For a basic theoretical treatise on spatial autocorrelation the reader is encouraged to review the lecture notes. This section is intended to supplement the lecture notes by implementing spatial autocorrelation techniques in the R programming environment.

Sample files for this exercise

Data used in the following exercises can be loaded into your current R session by running the following chunk of code.
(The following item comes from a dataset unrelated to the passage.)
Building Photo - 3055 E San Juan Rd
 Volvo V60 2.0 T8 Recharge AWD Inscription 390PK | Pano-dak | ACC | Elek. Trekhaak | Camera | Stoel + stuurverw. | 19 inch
z <- gzcon(url("https://github.com/mgimond/Spatial/raw/main/Data/ma2.rds"))
ma <- readRDS(z)

The ma object consists of an sf vector layer representing census data aggregated at the county subdivision level for 2021 (src. Census Bureau 5-year ACS).

Introduction

The spatial object ma has nine attributes with the first being a FIPS identifier. The one of interest for this exercise is house_inc (median household income for 2021, in units of dollars). The following table shows just the first few records of the 343 polygon layer (FIPS and geometry columns are not shown).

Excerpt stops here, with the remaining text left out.